Start of Excerpted data
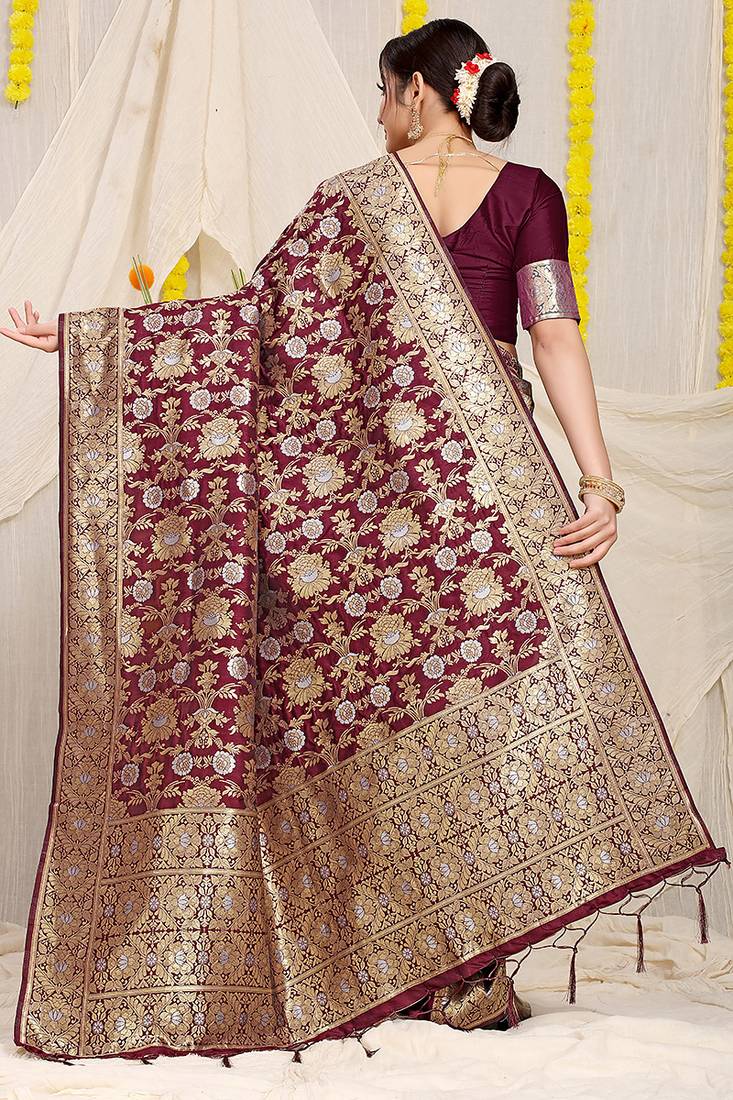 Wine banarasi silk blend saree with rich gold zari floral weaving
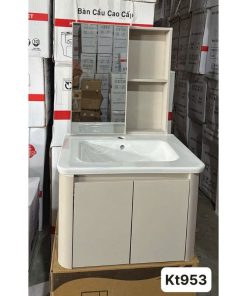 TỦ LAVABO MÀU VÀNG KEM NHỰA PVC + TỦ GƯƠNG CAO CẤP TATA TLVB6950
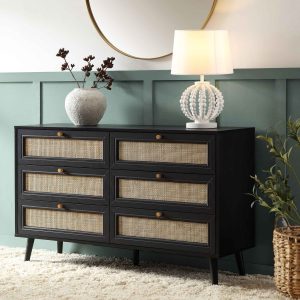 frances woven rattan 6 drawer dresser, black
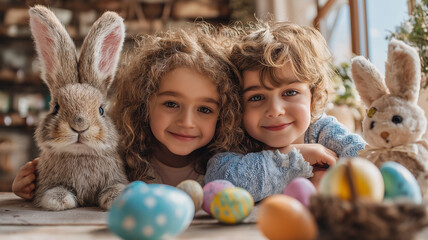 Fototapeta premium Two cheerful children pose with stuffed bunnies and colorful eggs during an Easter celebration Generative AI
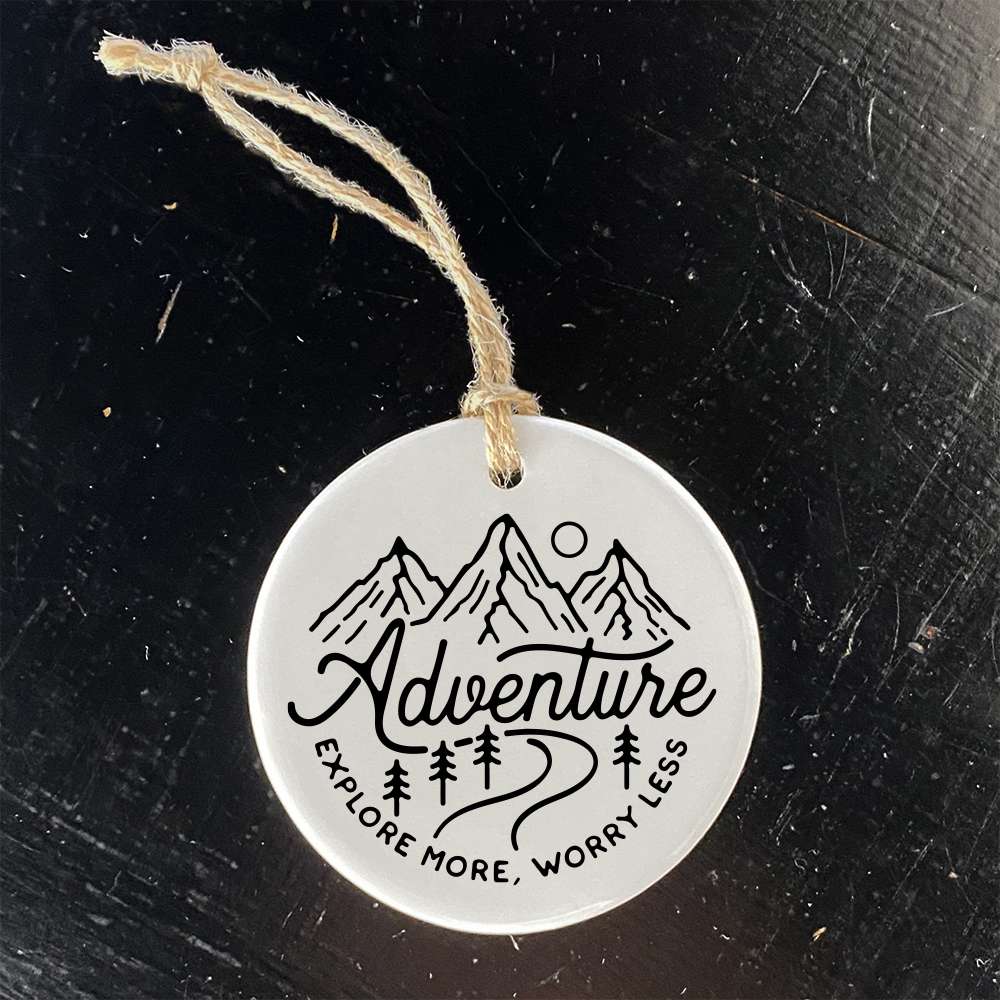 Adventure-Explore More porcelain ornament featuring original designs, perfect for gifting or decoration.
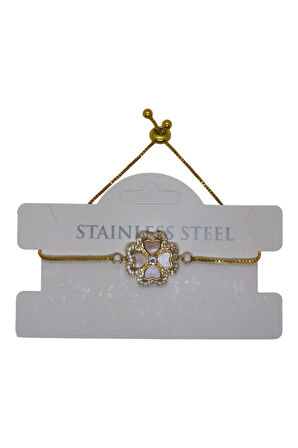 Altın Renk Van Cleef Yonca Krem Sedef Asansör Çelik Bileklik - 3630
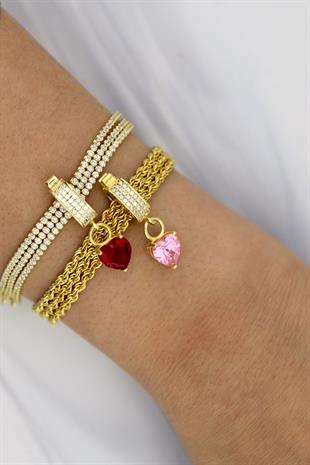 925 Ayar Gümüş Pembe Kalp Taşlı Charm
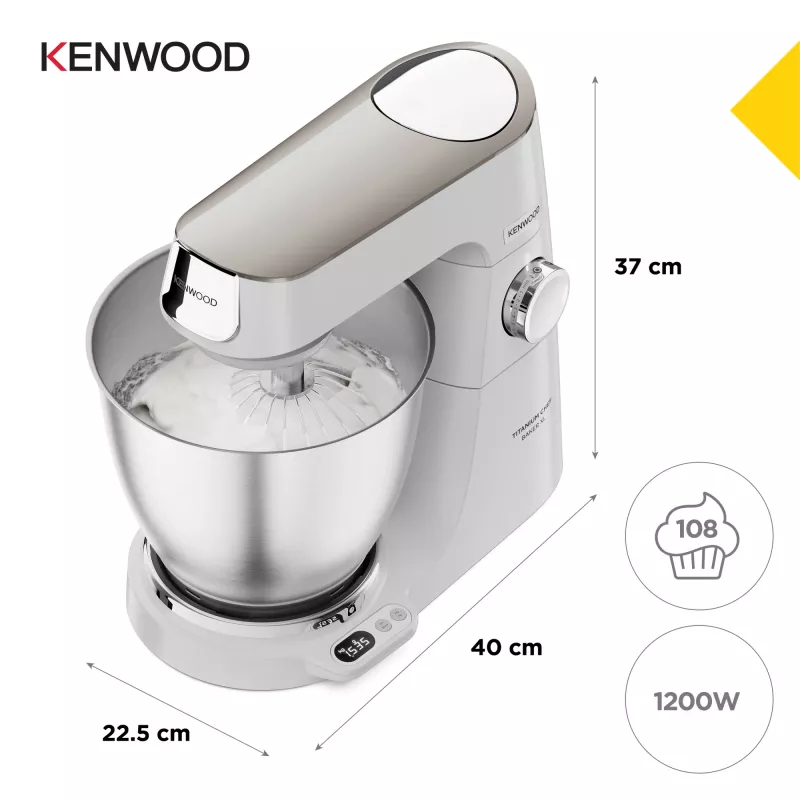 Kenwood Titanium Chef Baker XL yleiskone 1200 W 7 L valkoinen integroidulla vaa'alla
End of Excerpted data
Start of Excerpted data
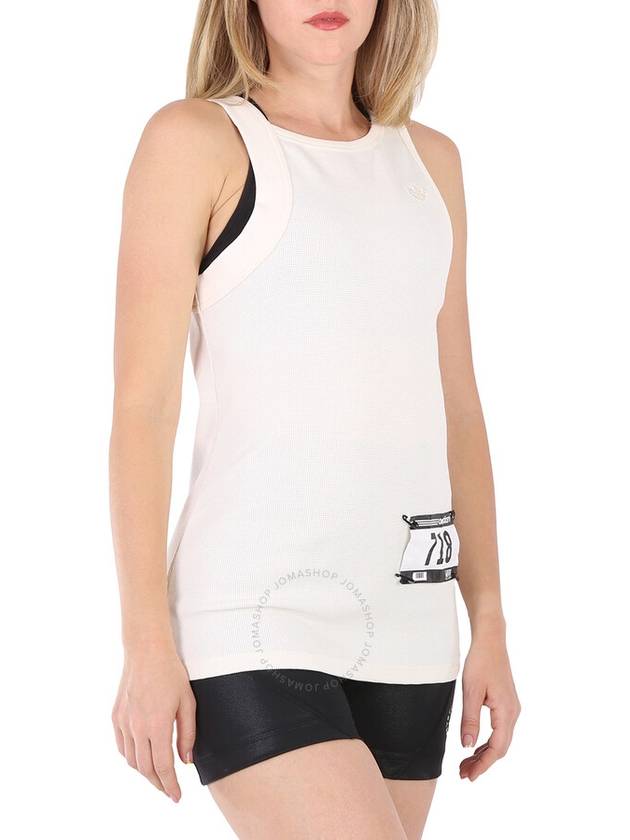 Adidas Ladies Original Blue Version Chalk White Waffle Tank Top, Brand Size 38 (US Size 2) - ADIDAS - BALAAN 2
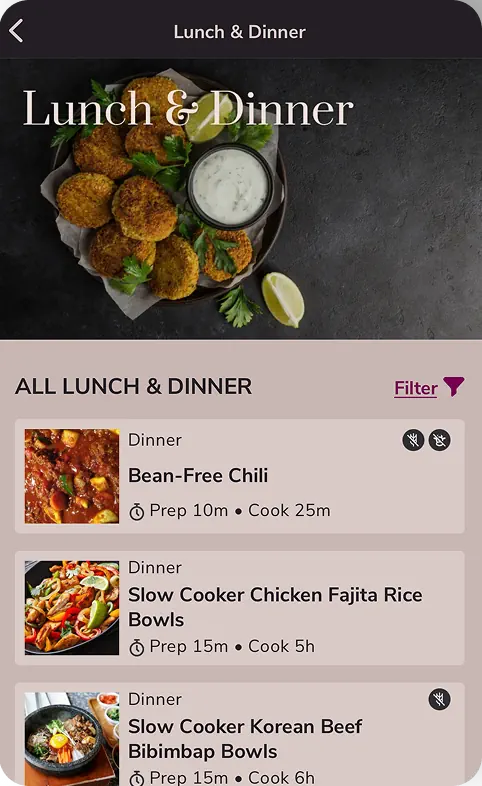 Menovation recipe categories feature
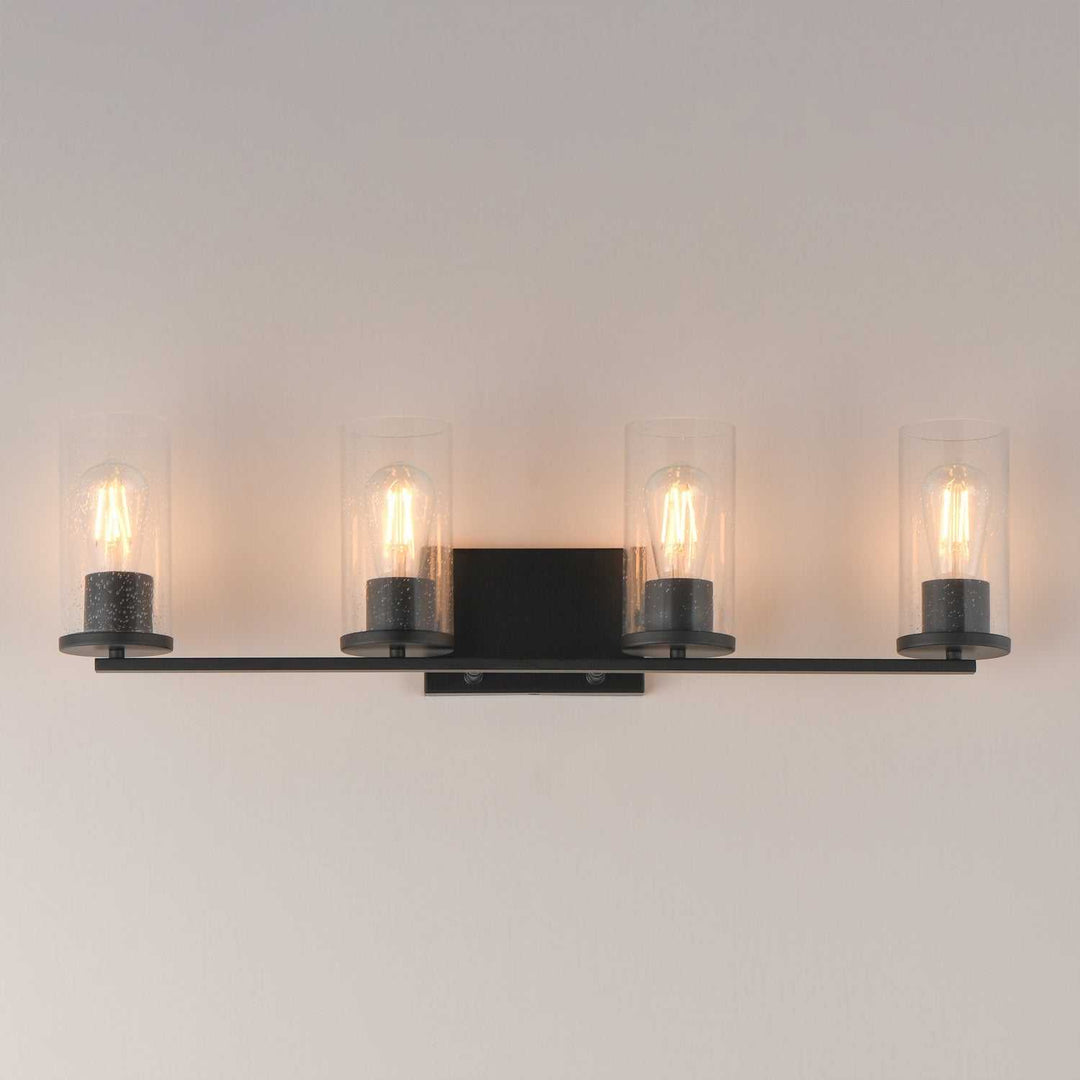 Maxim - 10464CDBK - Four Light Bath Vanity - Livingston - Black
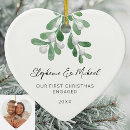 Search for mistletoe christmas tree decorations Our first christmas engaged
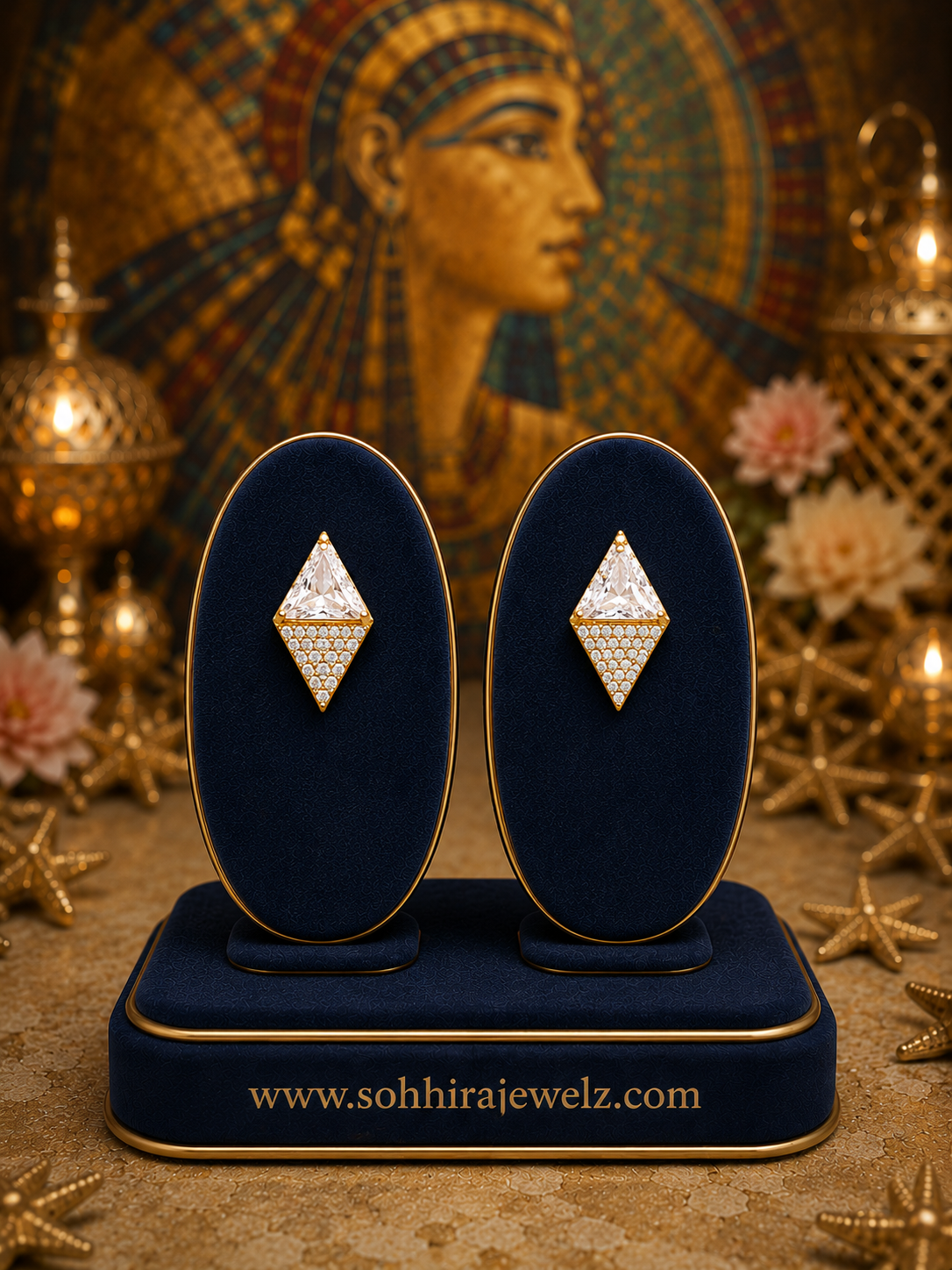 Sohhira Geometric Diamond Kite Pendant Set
End of Excerpted data
§ Exercise directions: From the records above, write out exactly the lines that begin at the line with "Maxim - 10464CDBK" and end at the line with "Sohhira Geometric Diamond Kite Pendant Set". Pictures must not appear in the output.

§ Solution for this problem:
 Maxim - 10464CDBK - Four Light Bath Vanity - Livingston - Black
 Search for mistletoe christmas tree decorations Our first christmas engaged
 Sohhira Geometric Diamond Kite Pendant Set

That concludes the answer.